Nawaz’s Return Generates Heated Debate in US Media
By Anwar Iqbal

Washington, DC: As former prime minister Nawaz Sharif performed his last Umrah on Saturday before heading home, diplomatic sources in Washington say that the initiative for his return came from the Saudis.
Former Punjab chief minister Shahbaz Sharif endorsed such speculations in an interview he gave to VOA radio, saying that “the Saudis did not want to get further involved in Pakistan’s domestic politics” and that’s why they are allowing his brother to return.
Another PML (N) leader, Javed Hashmi, told the American radio that President Pervez Musharraf tried to convince the Saudi government to prevent Mr. Sharif from returning home, but the Saudis refused to do so. He said that since the Saudis were no more willing to keep Mr. Sharif, the government did not have the option of sending him back to the kingdom as it did on September 10.
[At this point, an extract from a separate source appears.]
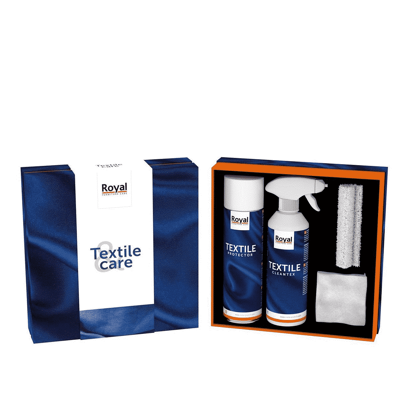 Afbeelding van Textile Care Kit XL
“They can arrest him but that too will not be easy,” Mr. Hashmi said. “Gen Musharraf has weakened considerably since September 10. Arresting Mr. Sharif will create new problems for him.”
What role did the Americans play in arranging Mr. Sharif’s return? A State Department official, when asked for comments, said: “We do not back candidates or parties, but we do encourage moderate political elements in Pakistan to get together to fight terrorism.”
But diplomatic sources say that while the US administration made no direct contact with Mr. Sharif, it did negotiate with them indirectly, using Saudi officials as intermediaries.
A Washington-based South Asian website called Wichar, which is run by prominent Indian and Pakistani journalists, thinks otherwise. Quoting diplomatic sources, the site claimed that while in Saudi Arabia earlier this week, President Musharraf held a secret meeting with Mr. Sharif and the US ambassador in the kingdom also participated in the meeting.
All three parties — the Pakistani and US governments and Mr. Sharif — however, insist that there has been no such meeting.
The New York Times welcomes Mr. Sharif’s expected return as a positive development and urges the Bush administration to encourage Benazir Bhutto to work with Mr. Sharif to build a broad “civilian democratic front” in Pakistan.
“Instead of urging Benazir Bhutto to expand her credibility on implausible power-sharing deals, Washington should be encouraging her to work with her long-time political rival, Nawaz Sharif, and build a broad civilian democratic front,” the newspaper said.
Some media reports also speculated that the possibility that PPP may emerge as a strong political force in the forthcoming elections, if not challenged, persuaded the government to allow Mr. Sharif to return home.
They claimed that the reception Ms Bhutto received when she returned home surprised the government. Pakistan’s intelligence agencies, they said, had calculated that during nine years of absence Ms Bhutto’s political base had shriveled, but they were proven wrong.
This, according to these reports, persuaded the government to review its policies and allow Mr. Sharif to return because they did not want to give the PPP a free hand.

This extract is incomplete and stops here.